The right approach depends on your corporate culture, resources, and the complexity of your offering

Proposal Content Planning can be implemented with different management models. Should the content plan be given to writers or should the writers participate in creating the content plan? This will vary according to your corporate culture and the complexity of your offering. Should all stakeholders be involved? Is your company centralized or decentralized? How are decisions made at your company? What is the balance between consensus and authority?  Content planning can be done with each of these approaches to management. 

Implementing Proposal Content Planning requires you to determine what management model is the best fit for your organization. You need to address not only who will participate, but who will decide, and what approaches will be used to gather the required information and review the content plan prior to using it to write the proposal.

The key questions you should ask to develop your management model for content planning are:

See also:
Content Planning Best Practices
  • Who will write the instructions?
  • Who will contribute information?
  • Who will review the content plan?

If the management model is up to you, consider:

  • Is your goal to deliver a plan that’s ready for writers to implement, or is it to involve people with the necessary subject matter expertise and authority to figure out and discover what should go into the proposal and how it should be presented? 
  • Do you have the information you need to do it centrally?
  • Do the stakeholders have the knowledge and skills to contribute?
  • Who makes decisions regarding the approaches to be proposed and how it will be presented?

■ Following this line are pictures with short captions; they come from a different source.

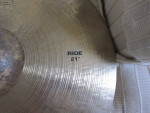 Paiste Twenty-Series 21-inch Ride Cymbal
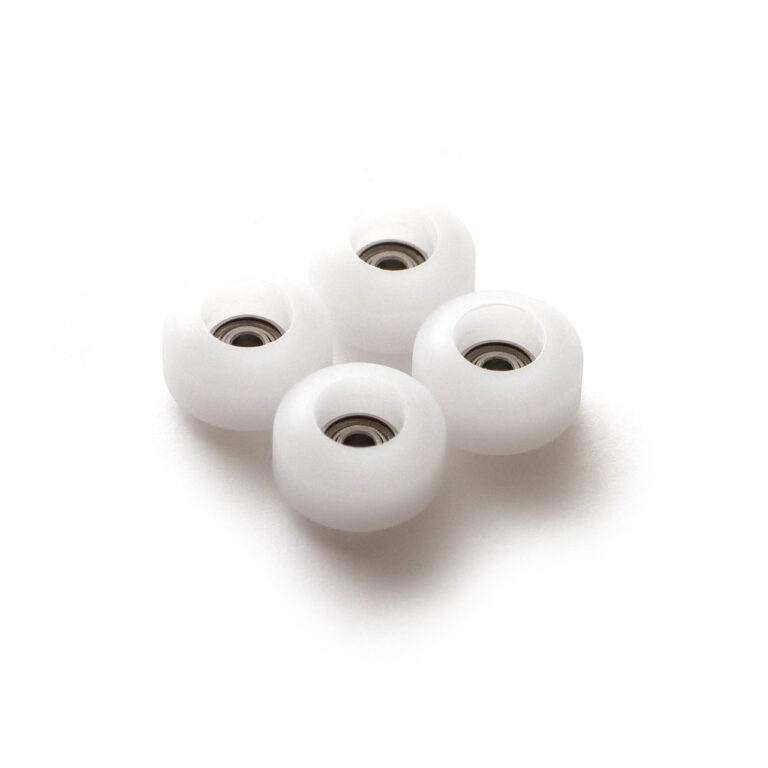 Колеса Для Фінгерборда Flatface G8 Bearing Wheels White
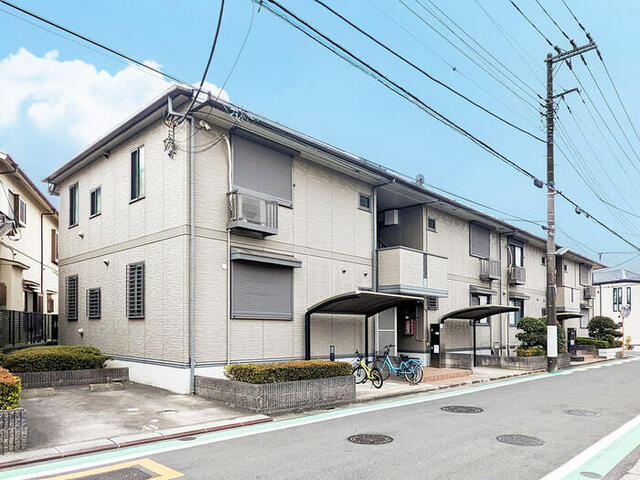 グリーンルーフの外観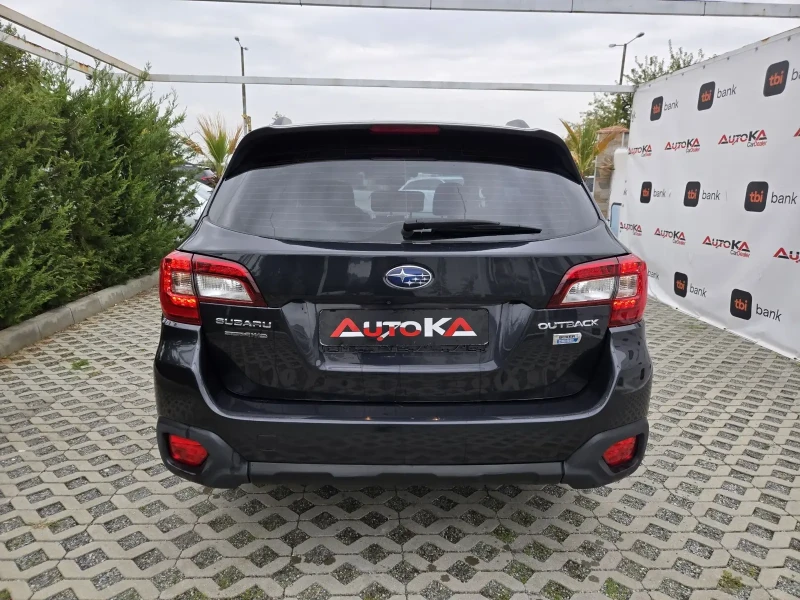 Subaru Outback 2.0TDI-150кс= АВТОМАТ= ДИСТРОНИК= КАМЕРА= ШИБЕДАХ, снимка 4 - Автомобили и джипове - 52056714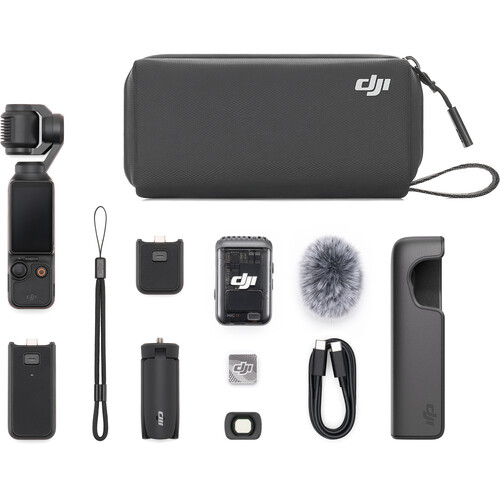 DJI Osmo Pocket 3 · Creator Combo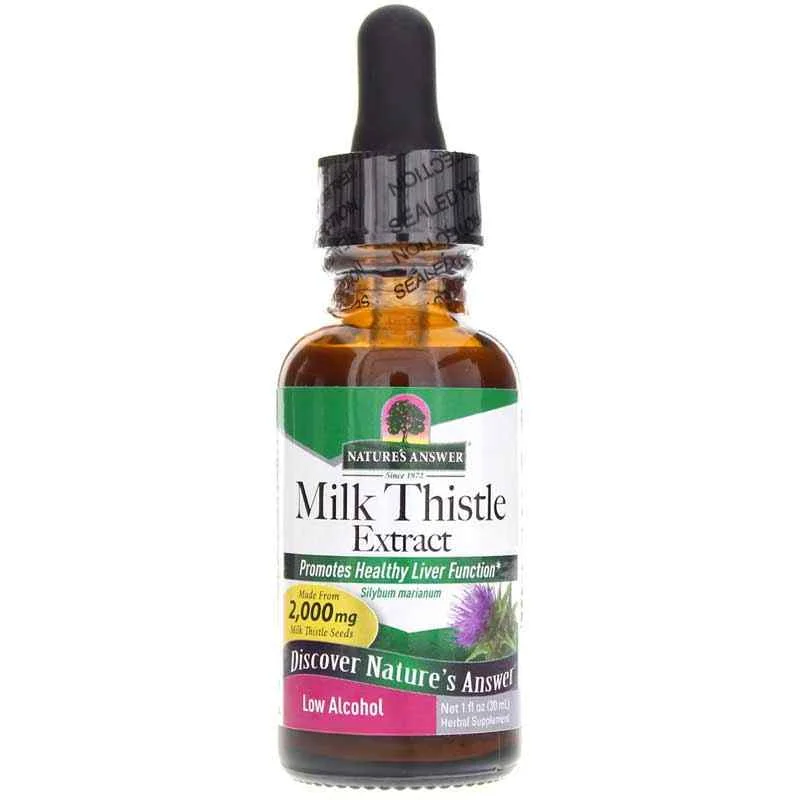 Milk Thistle Extract Top Rated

There are often multiple groups involved, such as specialists in sales, technical, executive, and proposals. Stakeholders can participate in content planning in multiple ways. They can participate directly by creating or editing the instructions. Or they can be interviewed by someone else who will create the instructions. 

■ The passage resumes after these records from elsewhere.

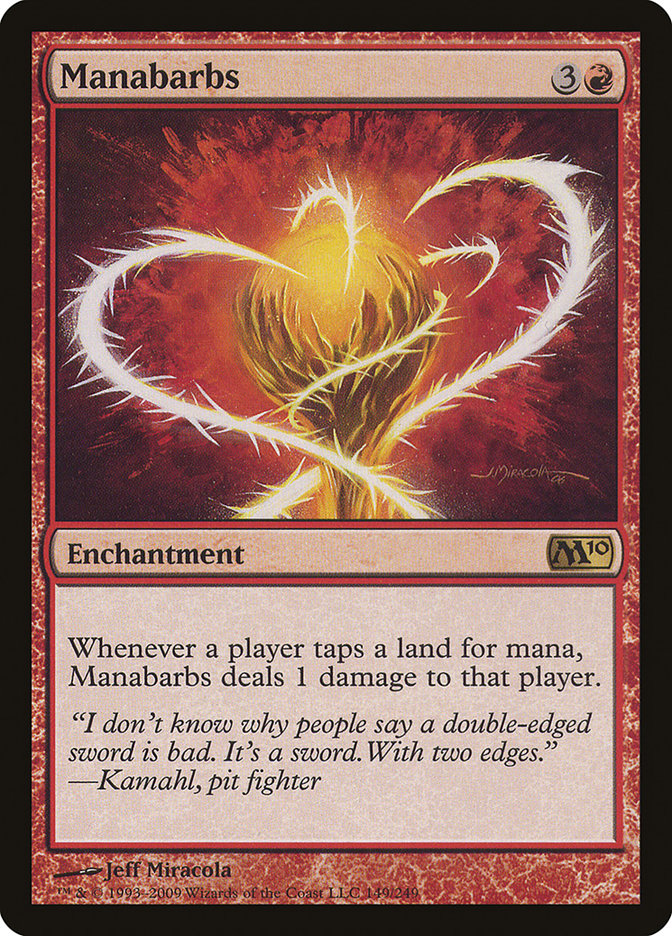 Manabarbs [Magic 2010] - The Mythic Store | 24h Order Processing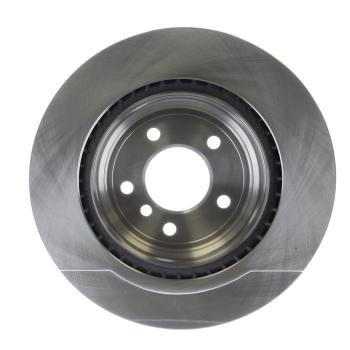2014 BMW ActiveHybrid 3 Disc Brake Rotor Rear Inroble BR34314 image 3 of 4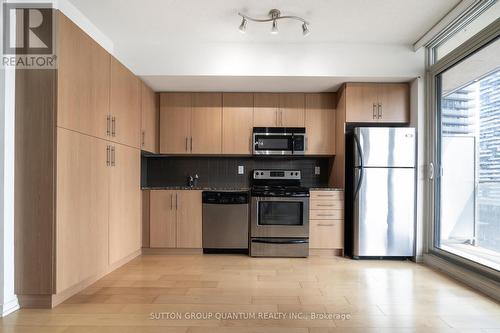 1209 - 55 Bremner Boulevard, Toronto (Waterfront Communities), ON - Indoor Photo Showing Kitchen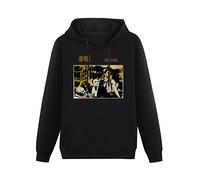 Prof·Slow Tom Waits Swordfishtrombones Hoody Unisex Ptinted Hoodies Long Sleeve Men's Hooded with Pocket Black XL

Once you have a management model and are clear about your goals, the next step is to consider what form will the instructions should take. The way you write your instructions can direct, inform, teach, or ask. They can facilitate collaboration regarding what to write or specifically direct what to write. The content planning methodology enables you to guide participants through what they need to do to figure out what should be written and how. How much and what kind of guidance do they need? How should you use content plans to improve the quality of your proposals?

Once you have chosen your management model and begun creating your content plan, remember that part of the methodology involves creating the quality criteria that will be used for Proposal Quality Validation. Can you do this on your own? How will reviewers be introduced to the quality criteria and be taught how to perform a review using them? Who will review the content plan itself to ensure it contains the right quality criteria and instructions?

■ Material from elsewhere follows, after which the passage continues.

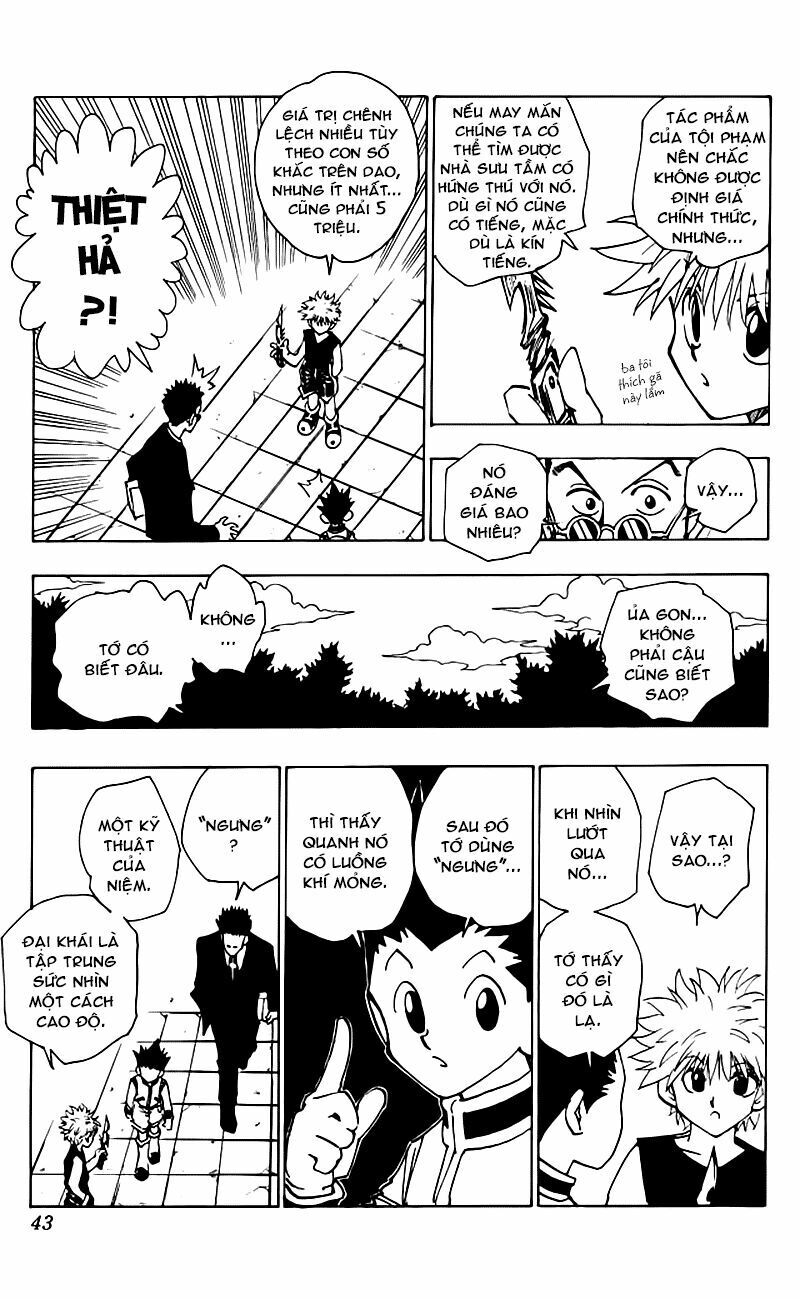 Hunter X Hunter Tập 85 trang 19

Proposal Content Planning also provides the potential to implement interesting metrics and gain insight into progress and success drivers across multiple proposals. Who should be involved in inserting the instructions needed, tracking the metrics, performing analytics based on them, and using the results to provide feedback and continuous improvement? At this level, Proposal Content Planning becomes about more than just the current proposal and gives you a tool for objective organizational improvement. If you aspire to operate at this level, the management model you use to implement Proposal Content Planning should reflect this.